Pero las fotografías muestran también el componente sexual que en relatos y exposiciones de santos siempre es encubierto. Los santos sirven frecuentemente de modelo en la cuestión de la abstinencia por vencer y reprimir con éxito su instinto sexual, dignos éstos de ser emulados1. Pero la presunta abstinencia no es sino una conclusión errónea, el deseo de una vida sexual satisfactoria tiene su válvula de escape en prácticas sexuales autoeróticas, mayormente el onanismo, información más precisa en Freud2. Con esto, Montoya echa abajo un baluarte más de la Iglesia, o sea, la cuestión del trato con la propia sexualidad que a uno siempre se la presentan como algo sucio, algo que debe ser negado por sentar pautas para toda la vida, que es embadurnado con la mala conciencia y permitido solo justo en la multiplicación del rebaño de ovejitas baladoras estúpidamente. Si se dirime la prohibición del pensamiento respecto a la propia sexualidad, entonces la persona tendrá más valor de pensamiento frente a planteamientos en otras cuestiones, un proceso que Freud caracteriza de ejemplaridad sexual. Pero aquél que piensa deja de ser un buen siervo y súbdito, algo que la Iglesia y los gobernantes odian de igual manera pues esto significa autodeterminación y ya no determinación ajena del individuo. ¡Una cadena causal sencilla pero eficaz!
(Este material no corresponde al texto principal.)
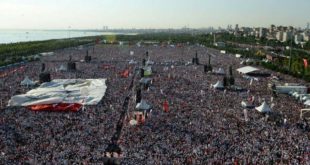 В Стамбуле 450-километровый «Марш справедливости» завершился многотысячным митингом оппозиции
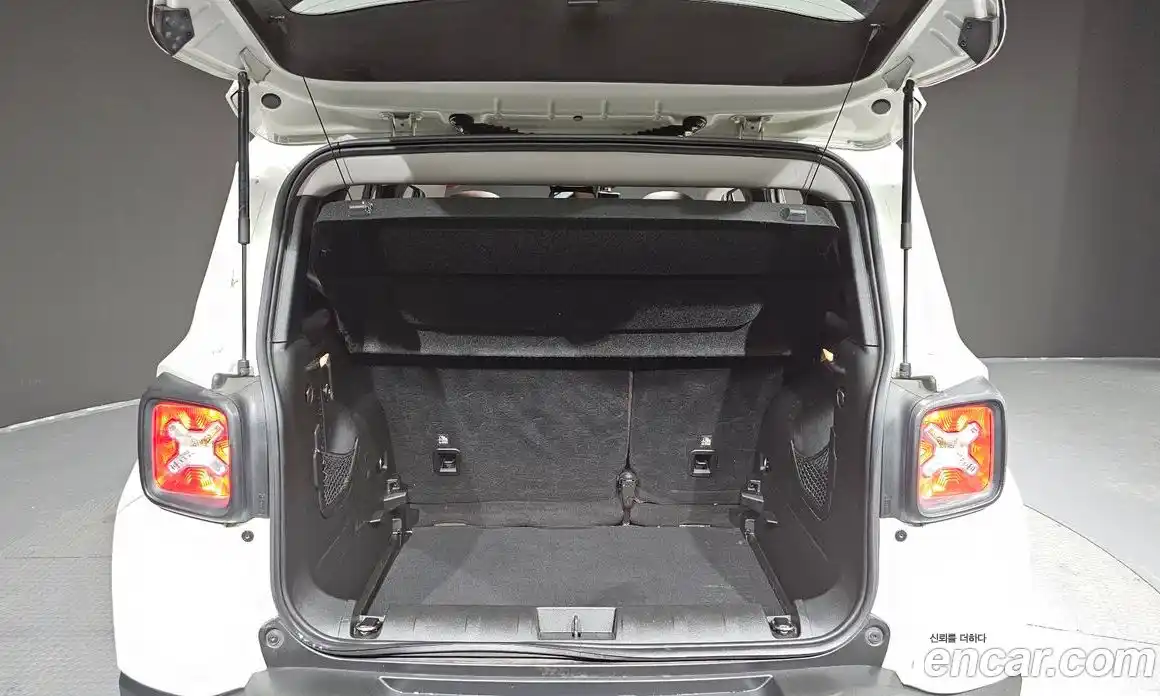 Jeep Renegade 2017 2.4 Автомат в Москве № 522354, фото 20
En todo caso merece la pena una reflexión sobre esta percepción al contemplar las imágenes, utilizarla como prueba de tornasol para el sentir religioso metido a machamartillo y el respeto que presuntamente se debe tener ante la religión. No hay porqué – y eso es lo que muestran las imágenes de Montoya.
Este cátalogo fue subvencionado por la Junta de Extremadura, es decir, financiado con fondos públicos, (imagínense esto en Alemania, sería lo mismo que creer en el autoclonarse de Maria). Las imágenes fueron mostradas en el 2003 en varias exposiciones, una de ellas con motivo de »la Feria de Arte Contemporáneo« en Cáceres, y se hizo en una iglesia.
Algo que puso inmediatamente al obispo local en escena pero de modo ostensiblemente manso y extraordinariamente reservado ya que su protesta la hizo solo contra el lugar »sagrado« de la exposición.
Cuatro años después de la primera publicación se precipitaron de repente los acontecimientos. El Centro Jurídico Tomás Moro3 había presentado una querella contra Montoya, contra los responsables de la publicación en la editorial ERE (Ediciones Regional de Extremadura, la editorial depende de la Junta de Cultura de Extremadura) y contra Francisco Muñoz Ramírez, Consejero de Cultura de la Junta y candidato socialista a la alcaldía de Badajoz, por un »delito contra los sentimientos religiosos«, basado en el artículo 525.1 del vigente Código Penal (comparable con el § 166 StGB de Alemania) y condenable en España con una pena de multa de 8-12 meses.
Los hampones eclesiásticos se quedaron (aún) en la retaguardia, dejando que fuera el brazo secular el que se encargara al principio del trabajo sucio. Pocos días después de circular la noticia de esta demanda por la prensa, le siguió el PP recriminando a la Junta de Extremadura haber financiado con fondos públicos la citada serie de fotografías de JAM Montoya. Dos políticos del PSOE se expusieron a violentas críticas: el ya citado Muñoz y el presidente de la Junta de Extremadura, Rodríguez Ibarra. El PP publicó al respecto un panfleto con el que se pone al mismo nivel que los familiares de la Inquisición: así se desata la polémica de »si se atreverían a propagar tal expresión cultural en confesiones religiosas menos tolerantes y liberales« (¡sic!) y si »el presidente Ibarra colgaría tales 'expresiones de arte' en su casa o en la habitación de su hija«.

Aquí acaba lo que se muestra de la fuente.